Plusieurs créateurs et couturiers ont su très vite percevoir les multiples opportunités fournies par l’impression 3D.
La mode expérimente et adopte l’impression 3D
Les exemples sont nombreux, chaussures, robes, sacs à main, accessoires de mode, témoignant de cette recherche de la mode vers de nouveaux terrains d’expression technologique.
Certains grands créateurs ont été précurseurs dans le domaine ; tels que Alexander McQueen (1), présentant des chaussures fabriquées en impression 3D dès 2010. Iris Van Herpen (2) est venue prolonger le phénomène par la création de robes squelettes ainsi que et parmi d’autres Anouk Wipprecht (3) développant des robes araignées fabriquées grâce à l’impression 3D.
Sans oublier la maison emblématique Chanel faisant défiler des mannequins vêtus de vestes dont la structure a été conçue grâce à l’impression 3D (4) (par utilisation de la technique du frittage laser).
Les acteurs du prêt-à-porter (5) se sont également saisis de l’impression 3D qui vient bouleverser les modes de consommation et de production en offrant la possibilité aux consommateurs de personnaliser des produits standard. La consommation grand public, dans le domaine de la mode en particulier, est en passe de basculer vers l’achat de produits personnalisés jusqu’au sur-mesure. Demain pourrait être un retour vers la grande époque de la confection sur mesure de la première moitié du XXe siècle tout en la dépassant grâce aux technologies modernes qui permettent une fabrication beaucoup plus rapide.
L’impact de cette technologie ne se limite pas au domaine de la création, cette technologie vient susciter des interrogations juridiques.
L’impression 3D et le droit d’auteur
La titularité, la protection et la défense des droits de propriété intellectuelle engagés dans la création par impression 3D, sans être bouleversés, doivent être abordés de manière spécifique.

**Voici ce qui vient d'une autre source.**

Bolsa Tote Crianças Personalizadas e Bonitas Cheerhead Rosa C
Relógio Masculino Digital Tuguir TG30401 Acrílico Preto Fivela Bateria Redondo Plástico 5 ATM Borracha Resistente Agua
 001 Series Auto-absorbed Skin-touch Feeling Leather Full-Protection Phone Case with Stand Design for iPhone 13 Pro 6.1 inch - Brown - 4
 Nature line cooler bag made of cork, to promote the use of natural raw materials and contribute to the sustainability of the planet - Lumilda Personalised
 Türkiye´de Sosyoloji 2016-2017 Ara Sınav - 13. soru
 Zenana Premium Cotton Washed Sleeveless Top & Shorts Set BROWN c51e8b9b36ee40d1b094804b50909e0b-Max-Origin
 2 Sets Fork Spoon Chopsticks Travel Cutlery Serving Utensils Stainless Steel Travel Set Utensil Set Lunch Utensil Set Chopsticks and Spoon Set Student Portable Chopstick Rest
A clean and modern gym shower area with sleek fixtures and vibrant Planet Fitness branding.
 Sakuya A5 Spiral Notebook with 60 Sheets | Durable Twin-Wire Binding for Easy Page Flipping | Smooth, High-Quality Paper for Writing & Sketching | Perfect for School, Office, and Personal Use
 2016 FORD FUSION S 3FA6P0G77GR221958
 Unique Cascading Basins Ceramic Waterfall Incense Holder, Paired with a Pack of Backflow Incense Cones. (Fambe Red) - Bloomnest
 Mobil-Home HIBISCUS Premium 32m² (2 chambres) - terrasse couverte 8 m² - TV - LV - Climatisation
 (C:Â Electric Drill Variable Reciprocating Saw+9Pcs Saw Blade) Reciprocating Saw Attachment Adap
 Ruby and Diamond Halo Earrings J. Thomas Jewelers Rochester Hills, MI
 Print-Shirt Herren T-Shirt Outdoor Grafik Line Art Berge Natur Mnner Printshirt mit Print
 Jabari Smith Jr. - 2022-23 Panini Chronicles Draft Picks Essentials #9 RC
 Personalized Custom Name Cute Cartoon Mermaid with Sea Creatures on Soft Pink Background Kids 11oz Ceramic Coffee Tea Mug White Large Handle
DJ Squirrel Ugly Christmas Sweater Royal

En effet, la fabrication par impression 3D, qui est une fabrication assistée par ordinateur, suppose la création d’un fichier 3D, qui exprime dans un langage particulier une création qui sera ensuite fabriquée par une imprimante 3D. Autrement dit, le fichier 3D est un fichier électronique qui représente de manière numérique un objet en trois dimensions.
Si l’objet imprimé est considéré comme original et est donc protégeable par le droit d’auteur, la question se pose de savoir si un fichier 3D est, indépendamment de l’objet imprimé, une œuvre de l’esprit susceptible d’être protégée par le droit d’auteur. Dans l’affirmative, il convient de déterminer qui peut revendiquer des droits d’auteur sur l’objet imprimé.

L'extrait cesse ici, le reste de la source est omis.